The latest one showed an asteroid. The pockmarks and scars of millennia in space had been cleverly combined to make a recognizable face. Trevor York. Somehow, the artist had contrived the impersonal stone surface of the asteroid into something ugly and frightening, a clever mockery of Trevor York’s well known fascination with his own looks.

Just to see what reaction it would provoke, Rice had made certain that a reproduction of the painting had made it onto the first screen of the Observer. Somewhere where it was certain to come to York’s attention.

So far, York had made no public response. Rice, however, was sure that it was going to have a place in whatever show York was concocting about Crisium.

There was one other thing about the picture in the corridor. The asteroid was clearly on a collision course with a much larger body in the background: Luna.

Anne Lister sat behind the expansive semicircular desk she used in her secretarial duties for her husband. It was, in feet, considerably larger than her husband’s desk, something that had been fodder for much joking back when she had set up her office in their home. Now, it was simply accepted as a fact of life that she needed multiple terminals to keep her finger on the pulse of the city.

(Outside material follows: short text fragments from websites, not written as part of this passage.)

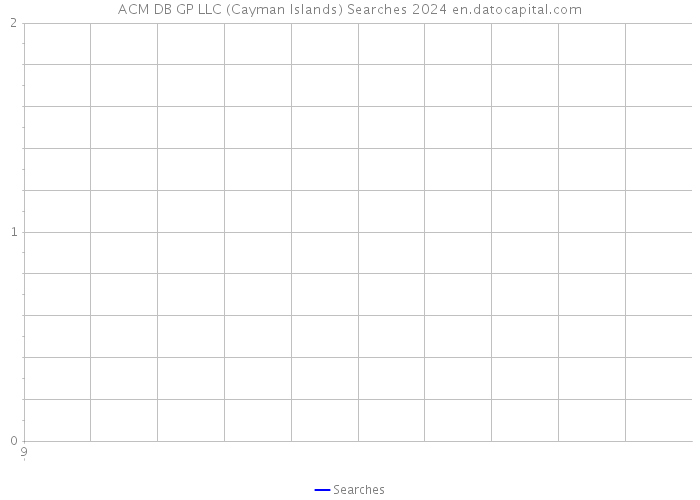 ACM DB GP LLC (Cayman Islands) Searches 2024 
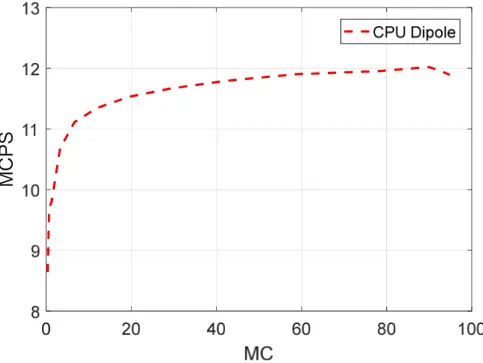 Figure 2.1   Profiling of CPU code through 95MC problem size. Performance is essentially flat  over the entire domain, though larger domains give slightly better performance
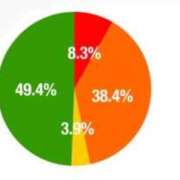 ヒメ日記 2025/09/07 09:28 投稿 いと スーパークリスタル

Right now, she was reading through something that the city computer had kicked up to her for resolution. Brows furrowed, she pondered it, then, since it would involve setting a precedent, decided to present the situation to Alan.

She had the computer inquire as to whether he was busy at the moment. He wasn’t. “Alan,” she began, as her image materialized in his office, “I’ve got a problem.”

“What is it, babe?”

“We’ve got a guy who has immigrated from Earth. He applied—well, wrote a letter, since we don’t have a form for it—asking for unemployment compensation.”